Civil society unions are set to challenge governments’ incremental wage increases for representatives of public and semi-government institutions.

The South African Parastatal and Tertiary Institutes Union (Saptu) said that the state’s current proposed 2% wage increase should be reconsidered as employees last received an increase in 2019 – and it was only inflation adjusted.

Saptu represents employees working in South Africa’s public service, primarily in semi-state institutions such as Legal Aid South Africa.

The union said that the wage proposals are unreasonable and unfair as cabinet members received a 3% increase and Eskom workers a 7% increase.

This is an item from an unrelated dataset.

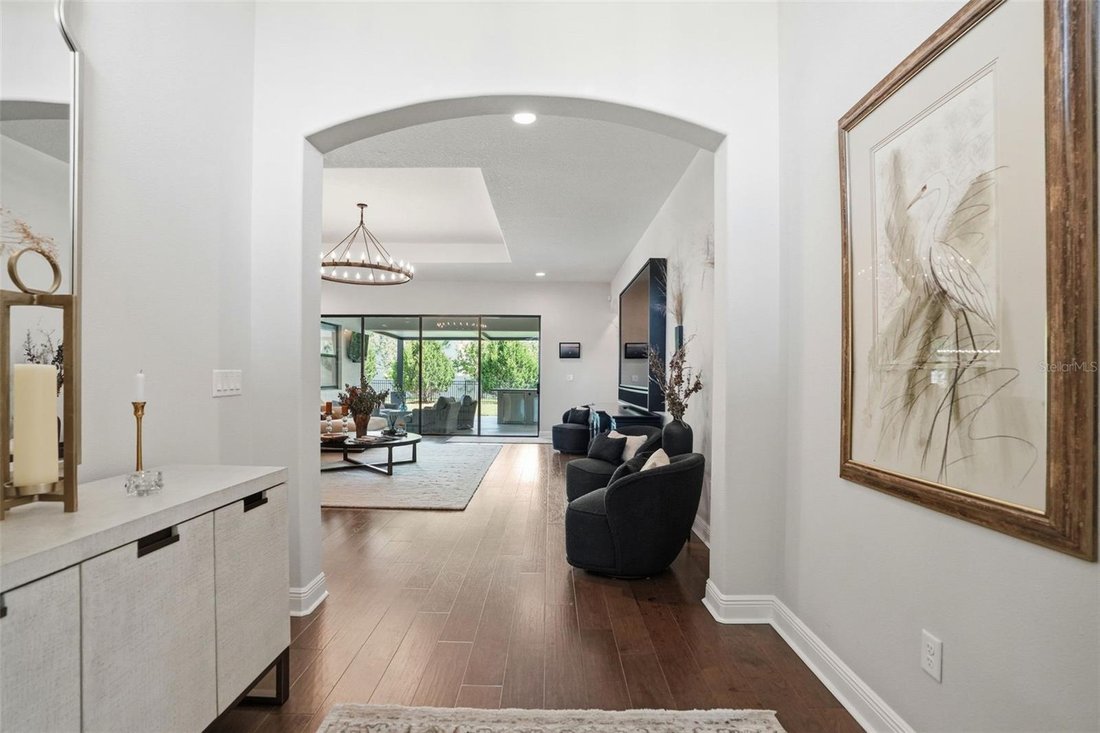 House in Palm Harbor, Florida, United States 5 - 18029718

“Rising living costs affect every resident of South Africa. Not just certain individuals. Inflation alone currently amounts to 7.4%, and to offer our members only 2% is like a slap in the face,” said Saptu secretary general, Ben van der Walt.

Saptu’s call for higher wages comes amid other heated negotiations happening in South Africa.

Both the Public Servants Association (PSA) and the National Education, Health and Allied Worker’s Union (Nehawu) have been engaged in negotiations and strike action that left many SARS branches closed.

While unions have cooled their demand from double-digits to even below inflation, the government has not shifted from its position, resulting in negotiation deadlock.

Strikes at SARS have been ongoing since May, with economists from Bureau for Economic Research (BER) warning that public sector wage negotiations may potentially see even more increased strike action in the coming months.

On 1 August, Finance Minister Enoch Gondogwana told BusinessDay that he has taken charge of public sector wage negotiations because staff wage bills account for the biggest share of government spending in the country.

The move by Gondongwana for the National Treasury to manage the negotiations has faced backlash, with the Public Servant’s Association spokesperson, Reuben Maleka, telling News24 that unions are concerned that the Treasury’s involvement will curb the proposed public servant’s wage bill.

“It will be a regression to have Treasury taking centre stage in the Public Sector Coordinating Bargaining Council (PSCBC). We have long passed the question of whether the state is bloated or not. The state is not bloated; the state is capacity-crippled – hence it is unable to deliver in all respect its mandate,” said Maleka.